Parce qu'elle «se laissait faire», l'adjudant André Gagnon aurait exploité l'ex-caporale Stéphanie Raymond comme un «bar ouvert» pour assouvir ses pulsions sexuelles.

La poursuite a défendu cette thèse, vendredi, au cinquième jour du procès de Gagnon pour agression sexuelle en cour martiale générale à Québec.

L'avocate Marylène Trudel a fait passer un dur moment à l'accusé pendant son contre-interrogatoire de deux heures. Elle a pilonné son témoignage et sa prétention selon laquelle la présumée victime a elle-même initié les échanges sexuels, le 15 décembre 2011 au manège militaire de Lévis, au retour d'un dîner de Noël où l'alcool coulait à flots.

En outre, la poursuite a fait admettre à Gagnon que la plaignante n'avait posé aucun geste de nature sexuelle à son endroit pendant qu'il la touchait, la couvrait de baisers et la déshabillait dans une salle de réunion obscure de l'étage du manège.

Elle a également fait reconnaître à l'accusé qu'il n'y avait pas eu de flirt ou de tentative de séduction de la part de Mme Raymond à son égard dans les heures précédant les événements.

L'accusé martèle que la présumée victime était consentante à se livrer à des jeux sexuels puisqu'elle a accepté de le suivre jusqu'au manège, qu'elle a répondu positivement à sa suggestion de monter à l'étage et que par la suite, elle «s'est laissée faire».

L'argument du «laisser-faire» a été démoli par la procureure Trudel.

«Pour vous une femme doit résister si elle ne veut pas avoir une relation sexuelle?», a-t-elle lancé, avant d'ajouter, «du moment qu'elle se laisse faire, c'est «open bar» pour vous?».

Gagnon prétend que la plaignante a accepté de son plein gré de le rejoindre à l'étage où il était monté s'asseoir sur le sol pour, selon ses dires, «relaxer et dégriser». Il aurait tendu la main à la présumée victime pour qu'elle s'installe à ses côtés mais, à sa grande surprise, elle se serait assise sur lui à califourchon à hauteur de ses organes génitaux.

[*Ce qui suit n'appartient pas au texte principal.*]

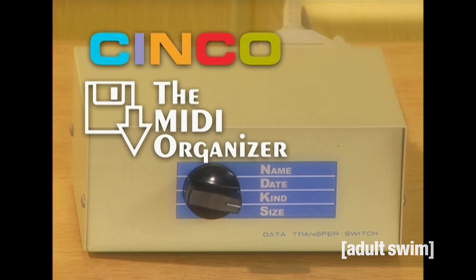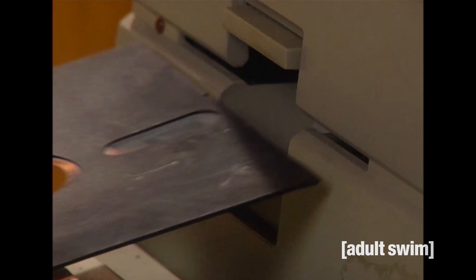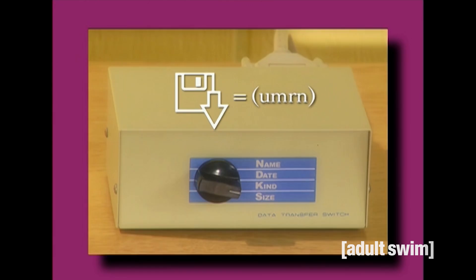First, unlock your hard drive by rotating the Tully toggle. Now load our revolutionary 10-Disc Floppy Software Bundle. Just sit back and watch the MIDI Organizer as it identifies MIDI files, pulls them off your computer, and puts them into the Cinco box. Once in the box, each file is assigned an UMRN, or unique MIDI routing number. Now you can organize your files by name, date, kind, or size. Then print.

Âgé de 48 ans, Gagnon soutient que jusque-là, il n'éprouvait aucun désir pour la femme de 30 ans. Mais à «force de parler», il y aurait eu un rapprochement. Il a mis ses mains dans son chandail, l'a embrassée - mais pas avec la langue, a-t-il pris soin de préciser - a caressé ses seins, l'a déshabillée presque toute nue et s'est livré à une séance de sexe oral. Pendant tout ce temps, Mme Raymond est demeurée passive et n'a retourné aucune de ses faveurs sexuelles.

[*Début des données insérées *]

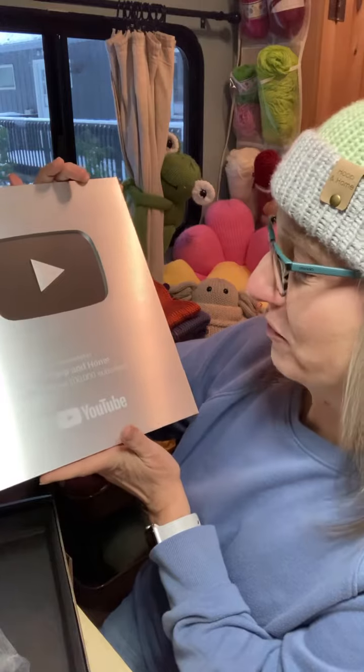Presented to Hoop and Home for passing 100,000 subscribers. I just love it. Can I hug it? It's so shiny.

«Un morceau de bois sur le plancher, ce n'était pas plate?», a demandé la procureure au témoin, qui est resté le regard fixe droit devant lui pendant la majeure partie du contre-interrogatoire.

«Je ne savais pas quel genre de femme c'était», a-t-il répliqué.

Gagnon a néanmoins pensé, après les préliminaires à sens unique, que l'ex-réserviste voulait «peut-être aller plus loin».

L'accusé a tenté de prendre la plaignante par derrière et c'est à ce moment qu'elle a protesté et que les échanges ont pris fin.

«Vous ne lui avez pas demandé si c'était correct de la pénétrer?», a soulevé l'avocate.

Gagnon a répondu qu'il avait présumé que Mme Raymond était d'accord, compte tenu du «stade où elle était rendue».

Dans son témoignage, il y a quelques jours, la plaignante a raconté que Gagnon lui avait intimé l'ordre de monter à l'étage peu après leur arrivée au manège. Elle n'a guère opposé de résistance aux gestes posés par Gagnon parce qu'il était son supérieur en grade et qu'elle ne voulait pas le mettre en colère. Elle voulait aussi s'épargner des ennuis au travail et emballer «la machine à rumeurs». Elle s'est rebellée lorsque Gagnon a voulu s'engager dans une relation sexuelle complète.

La poursuite allègue de son côté que l'adjudant Gagnon a profité de son rang hiérarchique supérieur pour abuser de l'ex-caporale et l'agresser sexuellement.

La passivité de la jeune femme, jusqu'au moment où elle a repoussé la tentative de pénétration, s'expliquerait par la culture du respect de l'ordre hiérarchique, une culture bien ancrée chez les militaires même en contexte civil.

Le contre-interrogatoire de l'accusé a pris fin vendredi midi et le procès reprendra lundi avec les plaidoiries de la défense et de la poursuite. Le sort de l'adjudant Gagnon reposera alors entre les mains du comité de cinq militaires faisant office de jury.

S'il est reconnu coupable, Gagnon risque une peine d'emprisonnement pouvant aller jusqu'à dix ans.